LostRuins / koboldcpp

Run GGUF models easily with a KoboldAI UI. One File. Zero Install.
https://github.com/lostruins/koboldcpp
GNU Affero General Public License v3.0
5.17k stars 354 forks source link

[BUG] (v1.4.7) -> CausalLM 14b, CUDA error 9 #490

Closed SabinStargem closed 12 months ago

SabinStargem commented 1 year ago

When I tried to run CausalLM 14b, I got the following error message. There is a 7b version of CausalLM, if you need something a little smaller to examine.

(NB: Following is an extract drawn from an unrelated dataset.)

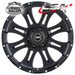 CSA RAPTOR TRAILER/CARAVAN SATIN BLACK 15x6.5 5/114.3  P0 WHEEL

Processing Prompt [BLAS] (4808 / 4808 tokens) Generating (1 / 1024 tokens) CUDA error 9 at C:\Users\HCH\Desktop\koboldcpp\ggml-cuda.cu:6858: invalid configuration argument current device: 0

[process exited with code 1 (0x00000001)]

LostRuins commented 1 year ago

Is that is a supported model architecture? Maybe try running it with clblast or openblas first. Does it happen with llama.cpp main.exe too?

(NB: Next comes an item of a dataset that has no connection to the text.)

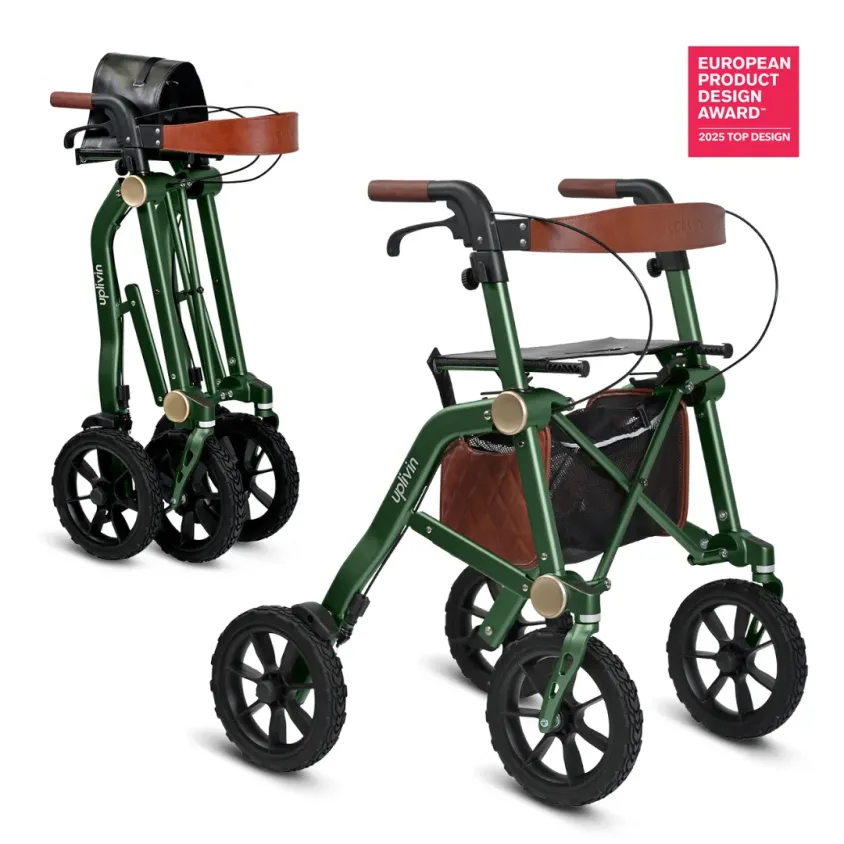 Rollator Tout-Terrain Pliable Trive All Terrain Mobio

SabinStargem commented 1 year ago

I don't use llama.cpp, so I can't report on that. Anyhow, the model works in OpenBLAS and ClBLAS. Below is the stuff from the terminal. All three modes have vocab mismatches. CuBLAS's LF token is 30, while OpenBLAS and CLBlas have 128, if that is relevant.

CUBLAS


Welcome to KoboldCpp - Version 1.47.1 For command line arguments, please refer to --help


Attempting to use CuBLAS library for faster prompt ingestion. A compatible CuBLAS will be required. Initializing dynamic library: koboldcpp_cublas.dll

Namespace(bantokens=None, blasbatchsize=512, blasthreads=6, config=None, contextsize=16384, debugmode=0, forceversion=0, foreground=False, gpulayers=40, highpriority=False, hordeconfig=None, host='', launch=True, lora=None, model=None, model_param='C:/KoboldCPP/Models/causallm_14b.Q5_1.gguf', multiuser=False, noavx2=False, noblas=False, nommap=False, onready='', port=5001, port_param=5001, ropeconfig=[0.0, 10000.0], skiplauncher=False, smartcontext=False, tensor_split=None, threads=6, useclblast=None, usecublas=['normal', '0', 'mmq'], usemlock=True)

Loading model: C:\KoboldCPP\Models\causallm_14b.Q5_1.gguf [Threads: 6, BlasThreads: 6, SmartContext: False]


Identified as LLAMA model: (ver 6) Attempting to Load...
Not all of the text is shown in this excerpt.